At face value, this change of heart may seem disconcerting. Nevertheless, it was interpreted by the researcher as the inevitable consequence of gathering retrospective accounts of the CWG. While, at Wave 1, participants had discussed the forthcoming event somewhat tentatively, and in abstract terms; by Wave 2, they each had a personal story to tell about their own lived experience of the event. In short, there was more to talk about post-CWG, and young people felt more qualified to voice an opinion. A fairer representation of the prevailing mood post-Games was that of qualified approval, as typified by the following summations:
‘I’d say positive…I’d say it’s definitely more a positive than a negative’
(Gerry, Wave 2).
‘For me, it was never really something that was negative. I always had that sort of positive, you know. (..) And I still think that still stands, now it's done and we've seen what it was’ (Leona, Wave 2).
The level of support for the CWG amongst young people mirrored that of adult householders in the East End survey, which the researchers claim were higher than those recorded among residents before London 2012 (Cleland et al., 2015).
Negative comments in the post-Games period related to a miscellany of operational items which young people had themselves directly witnessed, including the speedy removal of CWG memorabilia; empty seats at events; excessive security; expensive tickets and catering;
and, in a deviant case, a perception that the CWG was ‘too English’ (Ben, Wave 2). Several criticisms lingered on from Wave 1, including the dominance of sport; inadequate engagement with young people; and low expectations about social change. However, criticism relating to the commercial aspects of hosting sporting events represented a new entry in the ledger book: ‘I didn’t think there was that much that actually related to the CWG.
I thought it was more like money-making than anything’ (Gerry, Wave 2).
With regard to positive comments, the dominant view was that the staging of the Games event had been exemplary. This feeling was often accompanied with a sense of relief that earlier fears about violence had not materialised:
‘There was no drama. Like people would usually think that Glaswegians and Glasgow in the East End are all fighting and stuff, and there was no drama, like there was no fighting’ (Morag, Wave 2).

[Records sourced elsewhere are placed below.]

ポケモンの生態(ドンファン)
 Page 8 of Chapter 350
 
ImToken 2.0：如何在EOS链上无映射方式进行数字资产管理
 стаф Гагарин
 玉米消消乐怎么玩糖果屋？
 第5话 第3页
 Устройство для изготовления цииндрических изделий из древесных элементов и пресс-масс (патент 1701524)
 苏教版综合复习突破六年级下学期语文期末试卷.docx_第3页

‘Like it showed that especially the East End of Glasgow isn't that bad, because obviously people didn't get hurt, or there wasn't massive fights or anything’
(Ben, Wave 2).
Also worthy of particular mention was the unexpected ‘cheery’ and ‘positive’ atmosphere that pervaded the city during the eleven days of celebration (see 7.4.1).
One particular case represented an interesting outlier. Describing his attitudinal shift as a
‘conversion’, Said conceded that he no longer supported his earlier denouncement of the CWG hosting as a ‘vanity project’ and a ‘con’. The following excerpt describes his epiphany:
‘I think it [the CWG] was really worthwhile. I thought it was ehm ..my opinion's not changed in the sense that probably they could have spent the money better, but I think it was a very positive experience. And I think ...I doubted there would be a legacy...but I think there is something of a legacy, I think. Obviously, the houses are going to people, they're going to be affordable houses, stuff like that, the facilities, the Emirates Arena, so I think there is a legacy. And I didn't think there would be one really, I was sceptical about that’
(Said, Wave 2).
Although this statement acknowledges tangible legacy impacts, it does not discount the risk of opportunity cost, on the basis that investment in the CWG might not have been the best use of limited public resources.